Against this backdrop of increasing fossil fuel prices, growing concerns over energy security, and a projected increase in GHG emissions, renewable energy is well positioned to play a critical role in Indonesia’s energy mix. The 2009 World Bank Report and a 2012 technical paper presented by Indonesian experts for the 2nd Congress of the East Asian Association of Environmental and Resource Economics, for instance, showed that renewable energy sources can meet up to 35 percent of Indonesia’s energy needs by 2035.

OV Figure 3

Of various renewable energy sources available in Indonesia, geothermal power appears to be the preferred solution. Geothermal energy, as argued in a 2008 paper, “Sustainable Energy: Without the Hot Air,” by David Mackay, has the potential to replace coal-fired power plants as a baseload electricity source with virtually no emissions, and Indonesia has more geothermal energy potential than any other country. According to the head of the Geological Agency at the energy ministry, as of 2011, Indonesia’s total potential geothermal resources and reserves were estimated at 28,994 MWe (megawatts-electrical) with an installed capacity of just 1,196 MWe (approximately 4 percent of total resources) (see Table 1 and Figures 3 and 4).

OV Figure 4

Of the 276 geothermal areas in Indonesia, a total of 37 can be considered as mining working areas, with 7,376 MWe of geothermal potential. To tap these resources, a second-phase crash program, to be implemented between 2009 and 2018 at an estimated cost of $21.3 billion, has been created by the government. According to Dr Montty Girianna, Director of Energy, Mineral Resources and Mining at the National Development Planning Agency (BAPPENAS), this program will source 60 percent of new capacity from renewable resources and at least 5,000 MW, with at least 48 percent coming from geothermal, mostly targeted at increasing access to electricity in the outer islands where most geothermal resources are located.

Benefits in waiting

If Indonesia can achieve its official target for geothermal development, the country is likely to gain positive economic, social and environmental outcomes including greater energy security, emissions savings, rising government revenues and greater employment. With regard to energy security, based on government data and various sources on proposed geothermal power plants in the second-phase crash program, it appears the country can have 3,967 MW of geothermal capacity – approximately 40 percent of total planned capacity – by 2014. If this succeeds, Indonesia can address its energy shortfalls and curb the need for imported oil in the power sector. A 2011 PricewaterhouseCoopers (PwC) report and a 2009 document written by Sugiharto Harsoprayitno for the World Bank further argued that this can help shield the Indonesian economy from fluctuations in oil prices.
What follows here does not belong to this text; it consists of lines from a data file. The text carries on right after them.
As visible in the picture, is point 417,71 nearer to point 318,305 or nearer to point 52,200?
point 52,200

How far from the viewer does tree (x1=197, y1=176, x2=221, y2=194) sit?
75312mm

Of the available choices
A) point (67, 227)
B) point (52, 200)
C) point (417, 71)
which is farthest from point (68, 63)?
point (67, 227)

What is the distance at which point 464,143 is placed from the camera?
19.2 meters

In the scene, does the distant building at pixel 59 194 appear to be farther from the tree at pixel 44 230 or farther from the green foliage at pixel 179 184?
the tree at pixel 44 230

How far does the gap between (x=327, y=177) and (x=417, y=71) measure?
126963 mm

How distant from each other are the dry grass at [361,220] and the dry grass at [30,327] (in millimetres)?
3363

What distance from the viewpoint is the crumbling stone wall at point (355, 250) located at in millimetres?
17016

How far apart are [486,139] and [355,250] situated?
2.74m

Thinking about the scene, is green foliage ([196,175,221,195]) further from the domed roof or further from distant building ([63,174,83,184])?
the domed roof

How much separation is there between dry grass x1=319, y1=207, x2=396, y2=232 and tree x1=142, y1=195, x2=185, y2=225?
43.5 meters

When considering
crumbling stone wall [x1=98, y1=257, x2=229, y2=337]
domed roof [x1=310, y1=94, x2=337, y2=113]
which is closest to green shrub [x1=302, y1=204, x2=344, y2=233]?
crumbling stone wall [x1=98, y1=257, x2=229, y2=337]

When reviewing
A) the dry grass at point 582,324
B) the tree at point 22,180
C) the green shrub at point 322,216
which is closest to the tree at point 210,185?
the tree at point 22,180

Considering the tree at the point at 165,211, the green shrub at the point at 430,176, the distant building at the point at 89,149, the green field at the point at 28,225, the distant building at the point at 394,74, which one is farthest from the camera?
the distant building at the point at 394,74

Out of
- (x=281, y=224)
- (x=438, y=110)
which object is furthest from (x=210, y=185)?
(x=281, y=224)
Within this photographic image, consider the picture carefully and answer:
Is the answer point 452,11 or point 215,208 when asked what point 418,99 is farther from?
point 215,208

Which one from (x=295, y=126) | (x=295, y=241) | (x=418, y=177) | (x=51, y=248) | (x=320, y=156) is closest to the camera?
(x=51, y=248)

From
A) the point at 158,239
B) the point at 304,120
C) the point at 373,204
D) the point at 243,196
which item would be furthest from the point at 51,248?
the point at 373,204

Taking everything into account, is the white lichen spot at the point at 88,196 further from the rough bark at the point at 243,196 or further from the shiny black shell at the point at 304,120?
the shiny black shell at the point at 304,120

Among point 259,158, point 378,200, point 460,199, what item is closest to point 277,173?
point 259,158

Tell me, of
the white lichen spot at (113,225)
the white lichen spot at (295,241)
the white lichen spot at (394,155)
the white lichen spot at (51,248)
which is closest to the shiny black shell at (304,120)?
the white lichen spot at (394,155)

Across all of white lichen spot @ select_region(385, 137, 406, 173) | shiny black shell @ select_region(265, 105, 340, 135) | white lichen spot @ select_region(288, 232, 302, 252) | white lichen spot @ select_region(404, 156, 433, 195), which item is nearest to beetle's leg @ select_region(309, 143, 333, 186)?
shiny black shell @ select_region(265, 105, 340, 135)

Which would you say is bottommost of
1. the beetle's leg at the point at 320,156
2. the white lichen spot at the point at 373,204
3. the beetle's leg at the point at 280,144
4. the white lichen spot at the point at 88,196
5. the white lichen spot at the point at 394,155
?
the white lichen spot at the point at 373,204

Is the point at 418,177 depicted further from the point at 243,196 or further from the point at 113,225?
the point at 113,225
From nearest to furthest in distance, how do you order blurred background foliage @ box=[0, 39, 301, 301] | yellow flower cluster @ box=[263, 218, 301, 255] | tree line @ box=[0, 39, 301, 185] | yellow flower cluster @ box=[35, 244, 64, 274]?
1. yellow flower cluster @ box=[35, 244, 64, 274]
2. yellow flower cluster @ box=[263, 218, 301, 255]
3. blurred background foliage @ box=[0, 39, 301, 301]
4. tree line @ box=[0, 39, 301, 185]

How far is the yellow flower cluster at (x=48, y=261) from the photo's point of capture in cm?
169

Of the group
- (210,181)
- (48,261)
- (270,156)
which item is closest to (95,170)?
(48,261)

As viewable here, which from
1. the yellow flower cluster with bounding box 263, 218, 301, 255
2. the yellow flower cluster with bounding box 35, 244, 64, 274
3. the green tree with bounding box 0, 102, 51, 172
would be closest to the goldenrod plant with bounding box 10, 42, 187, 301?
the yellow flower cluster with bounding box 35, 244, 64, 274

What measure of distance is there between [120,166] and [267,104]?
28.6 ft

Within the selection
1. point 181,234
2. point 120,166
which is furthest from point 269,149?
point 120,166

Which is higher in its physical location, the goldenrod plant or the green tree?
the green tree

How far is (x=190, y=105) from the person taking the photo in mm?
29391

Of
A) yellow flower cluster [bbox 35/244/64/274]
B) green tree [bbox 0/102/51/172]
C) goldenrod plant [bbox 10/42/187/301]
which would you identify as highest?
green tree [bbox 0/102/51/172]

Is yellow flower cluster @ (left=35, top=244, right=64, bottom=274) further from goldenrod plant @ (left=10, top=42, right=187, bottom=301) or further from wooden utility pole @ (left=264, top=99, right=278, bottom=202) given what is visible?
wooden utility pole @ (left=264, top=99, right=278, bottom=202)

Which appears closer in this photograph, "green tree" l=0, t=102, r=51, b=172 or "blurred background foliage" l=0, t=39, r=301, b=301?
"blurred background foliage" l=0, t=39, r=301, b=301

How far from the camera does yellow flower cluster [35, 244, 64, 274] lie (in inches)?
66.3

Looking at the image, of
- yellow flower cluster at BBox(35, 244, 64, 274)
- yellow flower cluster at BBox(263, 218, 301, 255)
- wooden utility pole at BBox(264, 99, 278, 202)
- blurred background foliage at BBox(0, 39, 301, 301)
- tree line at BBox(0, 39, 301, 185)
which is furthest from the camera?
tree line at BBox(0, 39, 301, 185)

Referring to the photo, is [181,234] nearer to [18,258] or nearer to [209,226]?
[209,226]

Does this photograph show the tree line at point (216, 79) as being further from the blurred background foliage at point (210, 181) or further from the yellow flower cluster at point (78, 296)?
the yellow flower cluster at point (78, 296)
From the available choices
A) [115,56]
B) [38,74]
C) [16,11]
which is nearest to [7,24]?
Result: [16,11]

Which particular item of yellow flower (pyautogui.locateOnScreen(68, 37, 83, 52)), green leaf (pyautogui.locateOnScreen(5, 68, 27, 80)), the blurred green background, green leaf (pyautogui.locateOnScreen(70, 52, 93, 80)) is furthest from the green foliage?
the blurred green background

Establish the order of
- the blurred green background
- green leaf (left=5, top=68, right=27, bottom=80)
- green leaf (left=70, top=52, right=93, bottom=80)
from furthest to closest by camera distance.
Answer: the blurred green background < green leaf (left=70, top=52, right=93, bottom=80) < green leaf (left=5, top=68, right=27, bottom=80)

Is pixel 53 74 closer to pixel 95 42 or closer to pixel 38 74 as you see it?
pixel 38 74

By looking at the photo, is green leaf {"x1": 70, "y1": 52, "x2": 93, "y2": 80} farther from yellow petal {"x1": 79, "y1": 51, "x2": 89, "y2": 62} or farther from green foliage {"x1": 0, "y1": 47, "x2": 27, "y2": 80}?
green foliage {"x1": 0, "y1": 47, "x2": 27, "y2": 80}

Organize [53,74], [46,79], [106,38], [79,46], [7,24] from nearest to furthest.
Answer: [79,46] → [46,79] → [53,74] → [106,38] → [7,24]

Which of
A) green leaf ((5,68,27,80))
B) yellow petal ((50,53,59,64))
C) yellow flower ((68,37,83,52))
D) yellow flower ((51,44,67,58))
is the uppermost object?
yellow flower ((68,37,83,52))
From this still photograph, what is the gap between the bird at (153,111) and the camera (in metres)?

Increased geothermal energy in the national energy mix can also contribute to significant GHG emissions savings, as several studies have illustrated. One such study by Muhammad Ery Wijaya and Bundit Limmeechokchai, published in the 2009 International Journal of Renewable Energy, for instance, showed that an increase of 10 GW (gigawatt) – the total geothermal potential presently ready for commercial extraction, according to the World Bank – in geothermal energy capacity by 2025 will result in emission savings of approximately 58 million metric tons of CO2e. These emissions savings are calculated by comparing the estimated amount of CO2 emissions coming from geothermal power plants with emissions from coal-fired power plants.
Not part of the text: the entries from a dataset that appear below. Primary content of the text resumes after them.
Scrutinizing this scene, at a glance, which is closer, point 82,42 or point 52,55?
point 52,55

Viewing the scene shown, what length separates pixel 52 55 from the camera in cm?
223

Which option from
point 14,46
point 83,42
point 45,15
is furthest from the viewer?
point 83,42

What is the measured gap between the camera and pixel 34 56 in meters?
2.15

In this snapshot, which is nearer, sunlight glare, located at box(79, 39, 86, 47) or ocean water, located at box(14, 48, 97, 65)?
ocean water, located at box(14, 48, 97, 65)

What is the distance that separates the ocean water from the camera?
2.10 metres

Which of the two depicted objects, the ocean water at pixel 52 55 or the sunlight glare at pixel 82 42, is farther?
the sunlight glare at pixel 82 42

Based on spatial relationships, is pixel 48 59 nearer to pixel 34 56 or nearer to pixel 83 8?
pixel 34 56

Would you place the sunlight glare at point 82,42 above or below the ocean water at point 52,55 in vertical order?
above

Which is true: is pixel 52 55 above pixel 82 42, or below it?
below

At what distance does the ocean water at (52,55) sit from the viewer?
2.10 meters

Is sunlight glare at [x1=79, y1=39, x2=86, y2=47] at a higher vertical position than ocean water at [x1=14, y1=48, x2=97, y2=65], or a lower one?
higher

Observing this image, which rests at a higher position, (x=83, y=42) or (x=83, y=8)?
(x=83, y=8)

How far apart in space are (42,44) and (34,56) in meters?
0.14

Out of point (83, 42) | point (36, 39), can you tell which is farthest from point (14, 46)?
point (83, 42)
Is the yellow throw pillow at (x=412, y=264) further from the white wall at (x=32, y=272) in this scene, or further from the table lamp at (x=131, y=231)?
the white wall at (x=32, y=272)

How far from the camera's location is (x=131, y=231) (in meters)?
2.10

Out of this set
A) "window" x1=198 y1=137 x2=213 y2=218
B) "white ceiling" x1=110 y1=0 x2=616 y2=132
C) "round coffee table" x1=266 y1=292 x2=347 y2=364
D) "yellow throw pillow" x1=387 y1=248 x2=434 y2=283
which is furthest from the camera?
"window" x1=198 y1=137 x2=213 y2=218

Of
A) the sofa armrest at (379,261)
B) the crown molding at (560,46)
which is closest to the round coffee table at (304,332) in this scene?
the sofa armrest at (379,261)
Energy scenarios developed by the ministry of energy exhibit similar patterns (see Figure 5). In this illustration, from 2011 onward, the national emissions based on a geothermal scenario will decline significantly in comparison with emissions based on a business-as-usual scenario.
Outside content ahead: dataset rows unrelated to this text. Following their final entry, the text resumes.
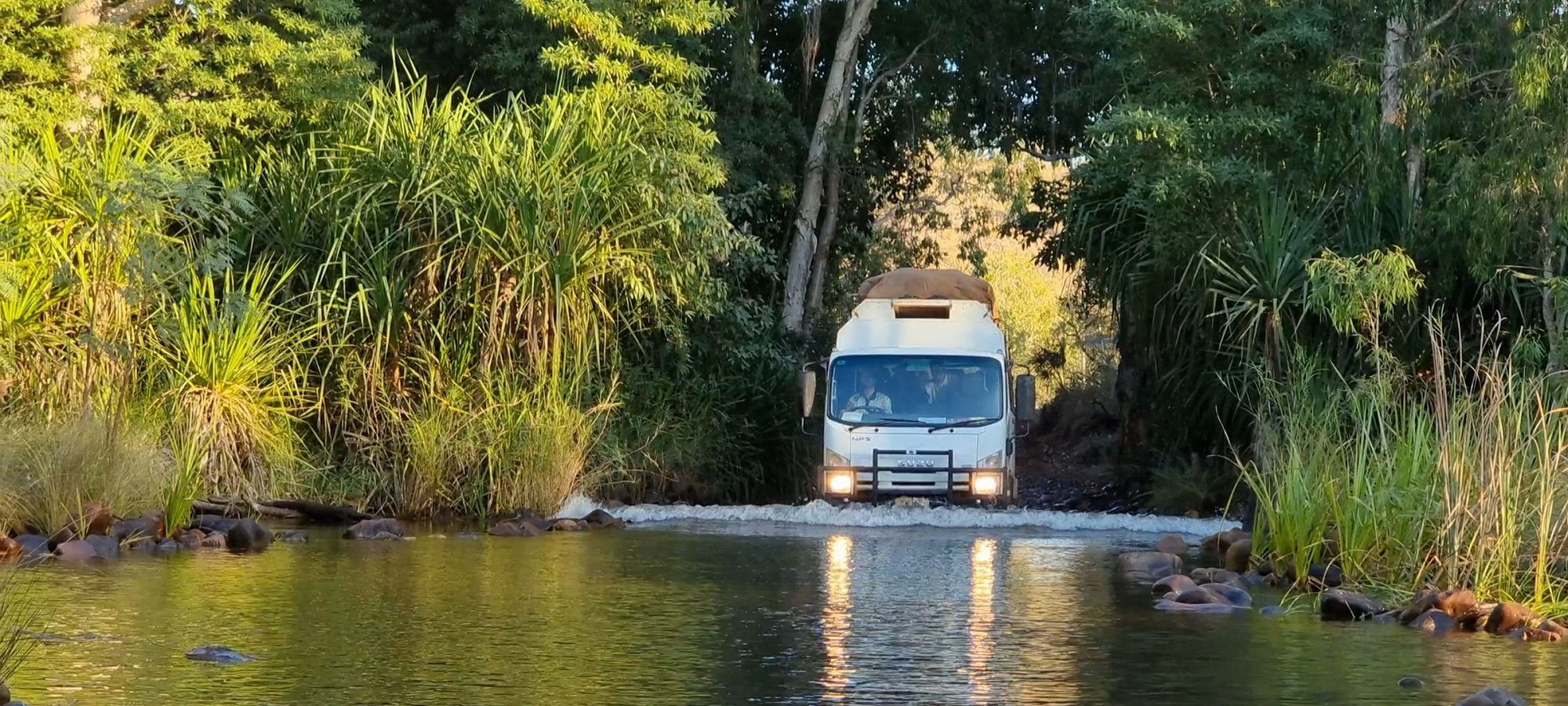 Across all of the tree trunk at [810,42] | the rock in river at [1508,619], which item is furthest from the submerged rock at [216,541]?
the tree trunk at [810,42]

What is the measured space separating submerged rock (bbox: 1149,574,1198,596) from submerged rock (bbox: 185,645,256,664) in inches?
219

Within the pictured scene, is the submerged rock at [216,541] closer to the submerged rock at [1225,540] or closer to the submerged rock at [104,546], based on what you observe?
the submerged rock at [104,546]

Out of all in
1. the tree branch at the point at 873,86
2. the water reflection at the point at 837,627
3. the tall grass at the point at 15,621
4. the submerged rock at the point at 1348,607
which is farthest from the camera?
the tree branch at the point at 873,86

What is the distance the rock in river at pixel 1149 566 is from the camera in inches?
513

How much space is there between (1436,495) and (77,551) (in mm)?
8593

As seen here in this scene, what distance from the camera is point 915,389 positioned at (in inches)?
786

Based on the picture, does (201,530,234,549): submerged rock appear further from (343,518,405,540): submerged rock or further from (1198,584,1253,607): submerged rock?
(1198,584,1253,607): submerged rock

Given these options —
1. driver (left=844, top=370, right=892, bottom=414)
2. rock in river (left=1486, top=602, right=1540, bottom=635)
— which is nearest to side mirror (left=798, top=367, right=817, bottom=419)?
driver (left=844, top=370, right=892, bottom=414)

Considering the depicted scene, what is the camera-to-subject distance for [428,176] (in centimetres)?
1928

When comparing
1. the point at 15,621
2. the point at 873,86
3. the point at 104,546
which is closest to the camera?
the point at 15,621

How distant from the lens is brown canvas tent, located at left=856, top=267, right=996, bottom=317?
22.5 m

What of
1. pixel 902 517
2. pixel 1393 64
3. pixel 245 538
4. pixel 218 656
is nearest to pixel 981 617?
pixel 218 656

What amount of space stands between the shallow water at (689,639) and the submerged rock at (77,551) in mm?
309

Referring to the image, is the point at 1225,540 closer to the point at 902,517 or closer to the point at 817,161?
the point at 902,517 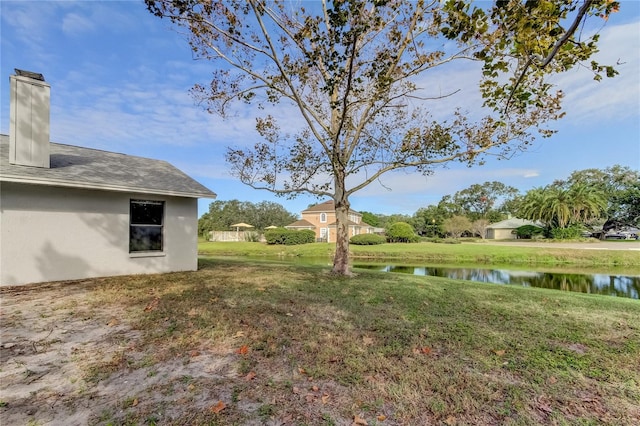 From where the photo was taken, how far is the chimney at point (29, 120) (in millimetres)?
7254

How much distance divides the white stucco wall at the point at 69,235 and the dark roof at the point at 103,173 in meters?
0.39

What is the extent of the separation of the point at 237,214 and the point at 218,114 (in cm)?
4951

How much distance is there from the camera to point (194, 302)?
565 centimetres

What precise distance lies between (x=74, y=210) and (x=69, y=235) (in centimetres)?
63

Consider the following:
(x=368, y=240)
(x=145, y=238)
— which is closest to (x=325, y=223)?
(x=368, y=240)

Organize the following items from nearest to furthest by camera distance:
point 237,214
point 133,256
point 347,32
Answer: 1. point 347,32
2. point 133,256
3. point 237,214

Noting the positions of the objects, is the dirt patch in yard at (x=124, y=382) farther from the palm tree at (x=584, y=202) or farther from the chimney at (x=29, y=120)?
the palm tree at (x=584, y=202)

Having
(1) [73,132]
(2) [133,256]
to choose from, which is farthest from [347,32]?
(1) [73,132]

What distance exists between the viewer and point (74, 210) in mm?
7746

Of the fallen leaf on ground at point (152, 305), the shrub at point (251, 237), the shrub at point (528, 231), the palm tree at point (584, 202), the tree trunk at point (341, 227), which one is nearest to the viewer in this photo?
the fallen leaf on ground at point (152, 305)

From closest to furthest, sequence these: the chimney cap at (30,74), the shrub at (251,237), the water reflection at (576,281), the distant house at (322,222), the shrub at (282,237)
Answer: the chimney cap at (30,74)
the water reflection at (576,281)
the shrub at (282,237)
the shrub at (251,237)
the distant house at (322,222)

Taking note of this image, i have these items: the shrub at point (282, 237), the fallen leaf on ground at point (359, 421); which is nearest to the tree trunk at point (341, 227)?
the fallen leaf on ground at point (359, 421)

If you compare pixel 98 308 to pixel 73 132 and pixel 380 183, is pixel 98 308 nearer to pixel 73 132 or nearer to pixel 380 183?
pixel 380 183

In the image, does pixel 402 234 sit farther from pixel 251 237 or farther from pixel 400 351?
pixel 400 351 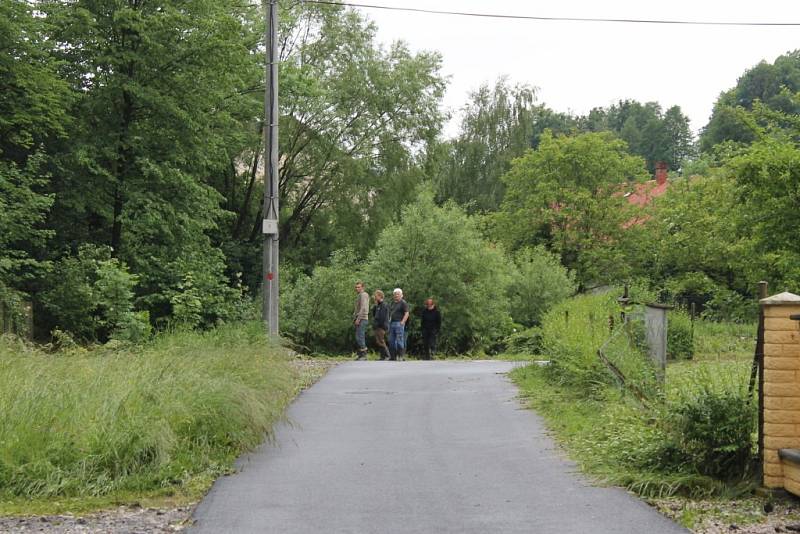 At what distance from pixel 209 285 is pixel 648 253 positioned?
2662 centimetres

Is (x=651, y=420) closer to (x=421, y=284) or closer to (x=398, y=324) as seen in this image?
(x=398, y=324)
The success of geothermal energy development can also translate into an increase in government revenue. According to Law No 33 of 2004 on Central and Local Fiscal Balance, the percentages of revenue sharing from geothermal tax and royalties are elaborated as follows: 20 percent to the central government, 16 percent to the province, and 32 percent each to the originating district/municipal government and other district/municipal governments in the same province. It is not yet clear how much the government will gain if it can develop 10 GW of geothermal, but it is clear that local governments will gain the most.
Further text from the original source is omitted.